Question

In Exercises \(13-16,\) verify that \(\int f(u) d u \neq \int f(u) d x\) $$f(u)=\sin u\( and \)u=4 x$$

Short answer

After evaluating and comparing, it's confirmed that \(\int f(u) du != \int f(u) dx\) where \(f(u) = \sin u\) and \(u = 4x\). Specifically, \(-\cos u + C != -\cos (4x)/4 + C\).

Step-by-step solution

Evaluate \(\int f(u) du\)

First, integrate the function \(f(u) = \sin u\) with respect to \(u\). The integral of \(\sin u\) with respect to \(u\) is \(-\cos u\). Therefore, \(\int f(u) du = -\cos u + C\), where \(C\) is the constant of integration.

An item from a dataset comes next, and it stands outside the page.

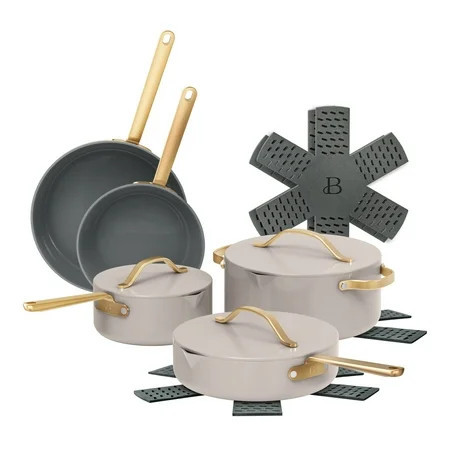 Beautiful 12-Piece Ceramic Nonstick Cookware Set, Pots and Pans with Strainer Lids, Porcini Taupe by Drew Barrymore | Walmart (US)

Transform the function \(f(u)\) in terms of \(x\)

Transform the function \(f(u)\) into \(f(x)\) using the substitution \(u = 4x\). This is because the original function is given in terms of \(u\) but we want it in terms of \(x\). Therefore, \(f(x) = \sin (4x)\).

Evaluate \(\int f(u) dx\)

Next, integrate \(f(x) = \sin (4x)\) with respect to \(x\). Using the technique of substitution with \(w = 4x\), we have \(dw = 4dx\), or \(dx = dw/4\). Substituting in the integral, we get \(\int \sin w * dw/4\). The integral of sin is \(-\cos\), so \(\int \sin w * dw/4 = -\cos w/4 + C = -\cos (4x)/4 + C\).

Compare the results

Compare the results of Step 1 and Step 3. It's pretty clear to see that \(-\cos u + C != -\cos (4x)/4 + C\). Hence, it's verified that \(\int f(u) du != \int f(u) dx\).